Ductility Improvement in Commercially Pure Aluminium by Friction Stir Processing

Abstract

Commercially pure aluminium (cp-Al) is a common structural material whose ductility is not very impressive (percentage elongation at break ~10%). This paper reports friction stir processing (FSP) as a method to improve the ductility of cp-Al without compromising the strength and hardness of the material. Different combinations of process parameters, namely tool rotational speeds in the range of 560–1400 RPM and tool traverse speeds in the range of 100–200 mm/min were explored to identify the influence of those parameters on the mechanical properties of the material. The ultimate tensile strength (UTS) and percentage elongation at break were evaluated by conducting tensile test of transverse specimens, and the microhardness across the processed zones was also measured. Grey relational analysis (GRA) was carried out to find out the optimum parameter combination using which the most suitable combination of strength, ductility and microhardness can be achieved.

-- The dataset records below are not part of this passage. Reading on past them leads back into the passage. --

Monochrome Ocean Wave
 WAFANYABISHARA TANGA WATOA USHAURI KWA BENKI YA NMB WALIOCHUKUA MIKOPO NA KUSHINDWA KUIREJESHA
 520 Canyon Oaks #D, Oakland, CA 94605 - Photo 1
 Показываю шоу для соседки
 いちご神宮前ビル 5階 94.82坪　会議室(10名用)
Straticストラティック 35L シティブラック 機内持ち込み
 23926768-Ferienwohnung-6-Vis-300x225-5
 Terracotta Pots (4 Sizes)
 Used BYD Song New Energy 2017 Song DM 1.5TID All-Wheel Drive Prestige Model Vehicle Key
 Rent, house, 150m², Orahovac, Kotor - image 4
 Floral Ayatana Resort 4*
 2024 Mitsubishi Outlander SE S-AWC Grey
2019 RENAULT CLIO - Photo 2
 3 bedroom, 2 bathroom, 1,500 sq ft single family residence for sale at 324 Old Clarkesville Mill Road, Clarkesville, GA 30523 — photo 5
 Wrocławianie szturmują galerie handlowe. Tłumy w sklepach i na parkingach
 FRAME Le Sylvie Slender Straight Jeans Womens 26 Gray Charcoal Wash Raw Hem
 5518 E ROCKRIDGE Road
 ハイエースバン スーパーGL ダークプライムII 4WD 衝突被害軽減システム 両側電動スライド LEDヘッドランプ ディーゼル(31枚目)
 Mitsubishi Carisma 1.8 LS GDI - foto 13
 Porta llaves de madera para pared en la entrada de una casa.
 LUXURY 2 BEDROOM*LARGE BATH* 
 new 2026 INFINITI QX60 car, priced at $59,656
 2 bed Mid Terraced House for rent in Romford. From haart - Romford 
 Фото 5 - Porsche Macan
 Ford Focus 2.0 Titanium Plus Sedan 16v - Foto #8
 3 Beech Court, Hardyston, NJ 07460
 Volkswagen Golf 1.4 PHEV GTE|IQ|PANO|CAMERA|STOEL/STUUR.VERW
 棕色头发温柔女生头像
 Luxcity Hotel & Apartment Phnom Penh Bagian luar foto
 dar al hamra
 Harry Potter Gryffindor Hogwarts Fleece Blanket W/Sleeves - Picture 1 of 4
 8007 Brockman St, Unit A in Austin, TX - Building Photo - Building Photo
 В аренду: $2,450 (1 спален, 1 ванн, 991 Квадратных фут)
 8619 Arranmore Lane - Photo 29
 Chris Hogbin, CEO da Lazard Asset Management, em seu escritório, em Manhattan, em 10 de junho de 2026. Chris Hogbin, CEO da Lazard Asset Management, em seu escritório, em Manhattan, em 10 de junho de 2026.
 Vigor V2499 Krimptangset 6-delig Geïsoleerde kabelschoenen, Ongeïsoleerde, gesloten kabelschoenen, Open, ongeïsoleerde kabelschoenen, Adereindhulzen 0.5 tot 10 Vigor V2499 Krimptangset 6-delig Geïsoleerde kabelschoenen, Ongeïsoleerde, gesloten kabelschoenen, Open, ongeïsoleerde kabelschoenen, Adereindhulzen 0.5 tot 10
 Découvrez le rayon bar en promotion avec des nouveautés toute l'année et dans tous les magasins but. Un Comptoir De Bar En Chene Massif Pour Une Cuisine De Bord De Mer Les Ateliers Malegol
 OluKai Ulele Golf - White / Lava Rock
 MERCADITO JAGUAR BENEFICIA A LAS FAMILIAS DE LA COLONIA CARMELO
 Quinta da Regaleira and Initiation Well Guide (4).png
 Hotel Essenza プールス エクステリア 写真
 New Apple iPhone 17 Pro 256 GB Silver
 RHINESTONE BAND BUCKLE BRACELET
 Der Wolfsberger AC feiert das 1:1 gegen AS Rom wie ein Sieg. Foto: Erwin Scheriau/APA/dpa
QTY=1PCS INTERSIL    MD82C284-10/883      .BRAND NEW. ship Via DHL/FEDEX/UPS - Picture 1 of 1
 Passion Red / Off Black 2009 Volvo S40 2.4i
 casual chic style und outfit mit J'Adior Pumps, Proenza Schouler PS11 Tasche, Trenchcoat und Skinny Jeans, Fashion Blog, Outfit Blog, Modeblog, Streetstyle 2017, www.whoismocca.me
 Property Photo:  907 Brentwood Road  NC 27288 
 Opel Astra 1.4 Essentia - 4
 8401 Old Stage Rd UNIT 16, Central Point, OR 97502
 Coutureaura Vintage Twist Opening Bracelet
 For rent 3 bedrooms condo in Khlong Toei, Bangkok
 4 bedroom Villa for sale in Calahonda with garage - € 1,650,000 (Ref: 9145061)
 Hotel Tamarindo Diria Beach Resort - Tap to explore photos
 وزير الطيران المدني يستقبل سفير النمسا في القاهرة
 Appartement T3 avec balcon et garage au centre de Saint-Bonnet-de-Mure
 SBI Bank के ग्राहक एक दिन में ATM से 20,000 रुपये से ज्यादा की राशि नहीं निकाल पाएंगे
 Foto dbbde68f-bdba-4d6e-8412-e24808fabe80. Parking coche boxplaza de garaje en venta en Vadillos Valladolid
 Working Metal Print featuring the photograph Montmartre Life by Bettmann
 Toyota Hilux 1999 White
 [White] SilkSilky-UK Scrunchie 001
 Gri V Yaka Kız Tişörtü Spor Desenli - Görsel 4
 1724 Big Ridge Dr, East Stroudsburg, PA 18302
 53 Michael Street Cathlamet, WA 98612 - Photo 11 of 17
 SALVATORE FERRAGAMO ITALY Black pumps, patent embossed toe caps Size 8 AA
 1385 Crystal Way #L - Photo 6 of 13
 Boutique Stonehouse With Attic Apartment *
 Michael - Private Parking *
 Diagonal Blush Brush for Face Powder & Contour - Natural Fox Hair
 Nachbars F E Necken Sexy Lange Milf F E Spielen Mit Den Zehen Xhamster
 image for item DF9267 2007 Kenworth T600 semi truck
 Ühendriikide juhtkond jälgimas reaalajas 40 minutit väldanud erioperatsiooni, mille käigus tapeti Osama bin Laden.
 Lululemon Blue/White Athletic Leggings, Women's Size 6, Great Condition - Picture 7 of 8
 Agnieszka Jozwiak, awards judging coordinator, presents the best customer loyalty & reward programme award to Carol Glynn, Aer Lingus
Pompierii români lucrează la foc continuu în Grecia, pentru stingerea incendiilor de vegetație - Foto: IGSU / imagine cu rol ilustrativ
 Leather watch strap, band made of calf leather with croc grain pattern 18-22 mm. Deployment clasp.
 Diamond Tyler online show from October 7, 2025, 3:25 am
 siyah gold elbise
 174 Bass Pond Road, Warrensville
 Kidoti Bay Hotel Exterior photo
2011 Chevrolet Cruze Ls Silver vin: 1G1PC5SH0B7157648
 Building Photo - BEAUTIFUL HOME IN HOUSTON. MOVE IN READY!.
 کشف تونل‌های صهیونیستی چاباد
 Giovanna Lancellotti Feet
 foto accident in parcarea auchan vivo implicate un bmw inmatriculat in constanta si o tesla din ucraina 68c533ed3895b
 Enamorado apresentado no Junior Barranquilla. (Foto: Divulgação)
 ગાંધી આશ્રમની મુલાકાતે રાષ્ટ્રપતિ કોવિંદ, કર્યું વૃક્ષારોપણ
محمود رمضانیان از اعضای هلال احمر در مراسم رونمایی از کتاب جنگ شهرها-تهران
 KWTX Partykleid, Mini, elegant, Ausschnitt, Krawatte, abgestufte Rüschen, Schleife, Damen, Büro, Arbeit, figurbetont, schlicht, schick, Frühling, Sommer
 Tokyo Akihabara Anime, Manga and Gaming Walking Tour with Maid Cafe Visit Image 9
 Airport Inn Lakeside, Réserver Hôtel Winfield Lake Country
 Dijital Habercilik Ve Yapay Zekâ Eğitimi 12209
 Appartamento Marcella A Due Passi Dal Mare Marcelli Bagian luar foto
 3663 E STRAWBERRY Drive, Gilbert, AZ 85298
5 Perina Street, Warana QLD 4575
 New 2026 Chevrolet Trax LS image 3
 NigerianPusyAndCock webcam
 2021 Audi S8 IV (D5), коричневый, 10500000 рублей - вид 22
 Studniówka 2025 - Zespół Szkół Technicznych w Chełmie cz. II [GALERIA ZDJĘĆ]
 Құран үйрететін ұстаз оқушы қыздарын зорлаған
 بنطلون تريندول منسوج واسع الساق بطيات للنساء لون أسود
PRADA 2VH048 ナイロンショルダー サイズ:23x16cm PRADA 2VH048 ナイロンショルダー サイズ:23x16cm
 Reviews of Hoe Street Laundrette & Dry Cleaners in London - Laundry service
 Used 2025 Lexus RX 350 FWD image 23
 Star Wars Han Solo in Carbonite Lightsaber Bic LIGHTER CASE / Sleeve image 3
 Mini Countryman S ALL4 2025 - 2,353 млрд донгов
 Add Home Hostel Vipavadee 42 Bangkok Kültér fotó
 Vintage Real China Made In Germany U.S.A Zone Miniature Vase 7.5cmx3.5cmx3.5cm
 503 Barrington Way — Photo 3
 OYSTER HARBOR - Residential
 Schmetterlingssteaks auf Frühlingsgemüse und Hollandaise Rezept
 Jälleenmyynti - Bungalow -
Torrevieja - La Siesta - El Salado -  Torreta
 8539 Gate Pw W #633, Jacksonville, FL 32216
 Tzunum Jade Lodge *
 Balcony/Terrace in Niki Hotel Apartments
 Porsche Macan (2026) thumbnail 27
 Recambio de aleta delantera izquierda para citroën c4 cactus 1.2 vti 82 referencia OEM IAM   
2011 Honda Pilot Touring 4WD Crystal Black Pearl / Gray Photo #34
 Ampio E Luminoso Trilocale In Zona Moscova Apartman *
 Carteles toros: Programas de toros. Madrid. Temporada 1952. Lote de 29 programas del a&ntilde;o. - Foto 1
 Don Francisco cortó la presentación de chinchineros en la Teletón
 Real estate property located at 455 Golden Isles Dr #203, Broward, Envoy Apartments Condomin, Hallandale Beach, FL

From this analysis, tool rotational speed of 1400 RPM with the tool traverse speed of 160 mm/min was identified as the optimized processing condition that can result in up to 83.9% improvement in percentage elongation at break with 26.52% improvement in the UTS and 7.27% improvement in the microhardness as compared to cp-Al. Finally, a quadratic regression model was developed to establish a relationship between ductility and the input parameters, i.e., rotational speed and traverse speed.